### Given information

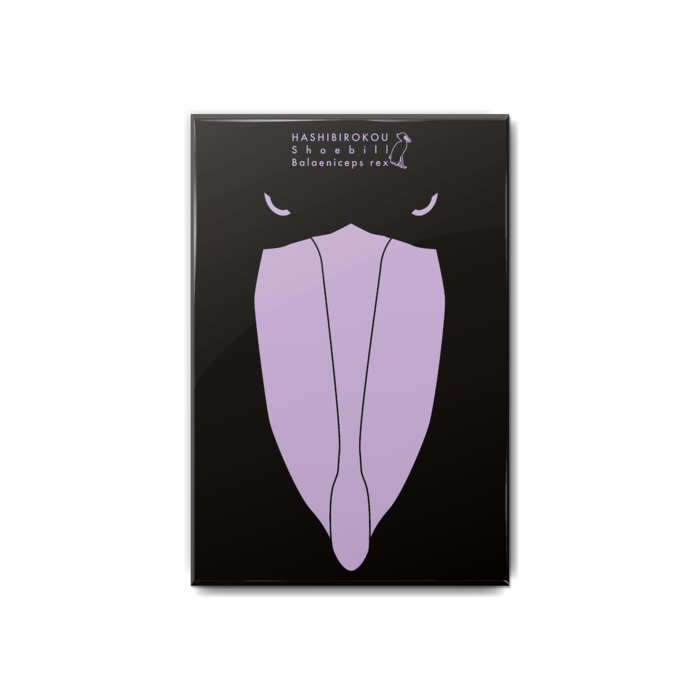 缶バッジ - 54x80mm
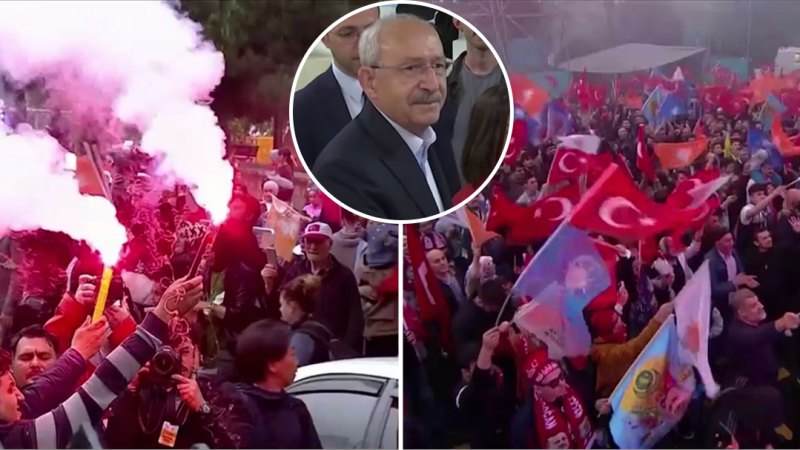 Türkiye Cumhurbaşkanı Recep Erdoğan, ikinci tur seçimlerin ardından zafer ilan etti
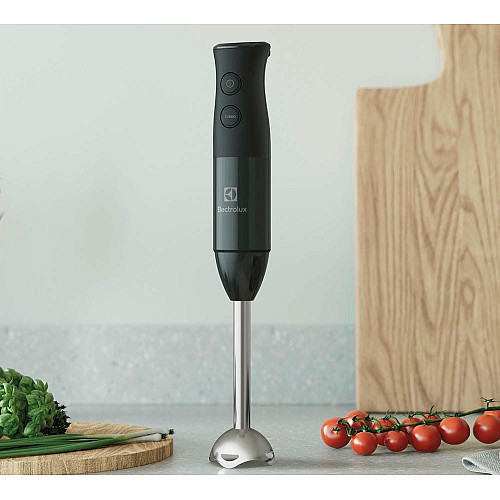 Блендер Electrolux заглибний 600Вт, 3в1, чаша-600мл, чопер, чорний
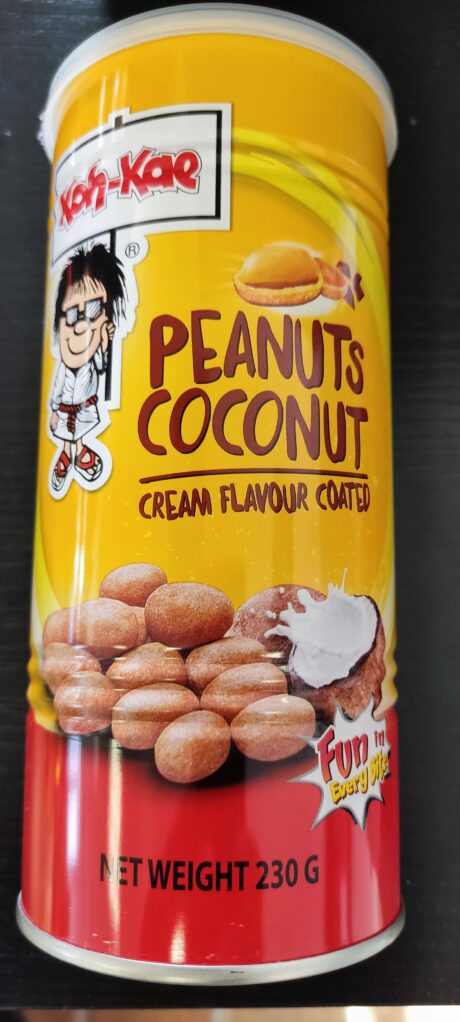 KOH KAE Coconut Peanuts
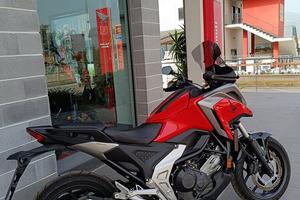 NC750X 2021 COME NUOVO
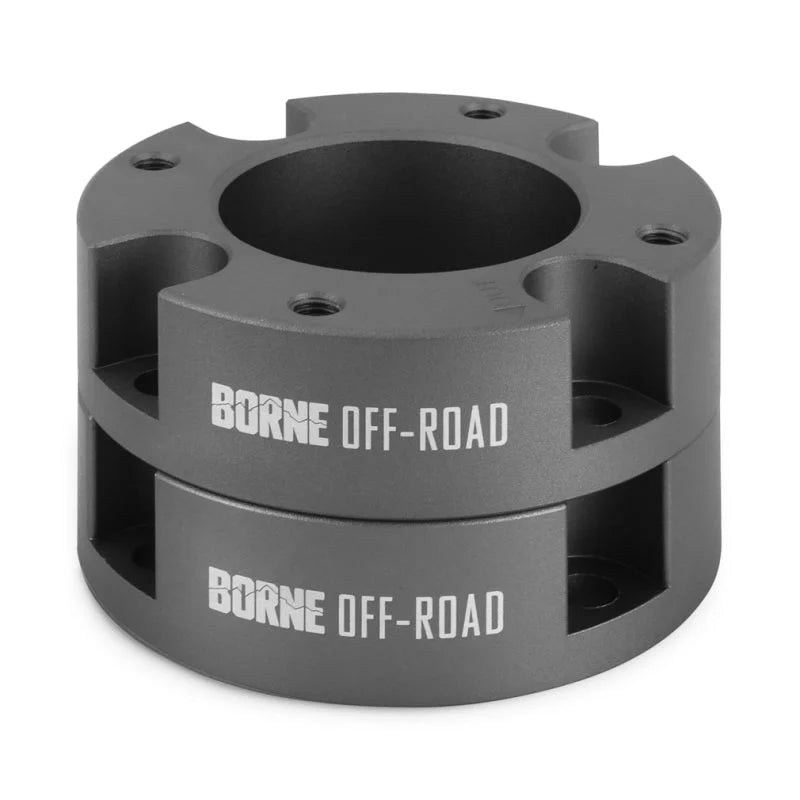 Borne Off-Road 2007+ Toyota Tundra Leveling Kit - Front 2.5in - Additional View 5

######

- _About this exercise_: Once the pictures are set aside, write out each record exactly.

- _Expected output_:
 缶バッジ - 54x80mm
 Türkiye Cumhurbaşkanı Recep Erdoğan, ikinci tur seçimlerin ardından zafer ilan etti
 Блендер Electrolux заглибний 600Вт, 3в1, чаша-600мл, чопер, чорний
 KOH KAE Coconut Peanuts
 NC750X 2021 COME NUOVO
 Borne Off-Road 2007+ Toyota Tundra Leveling Kit - Front 2.5in - Additional View 5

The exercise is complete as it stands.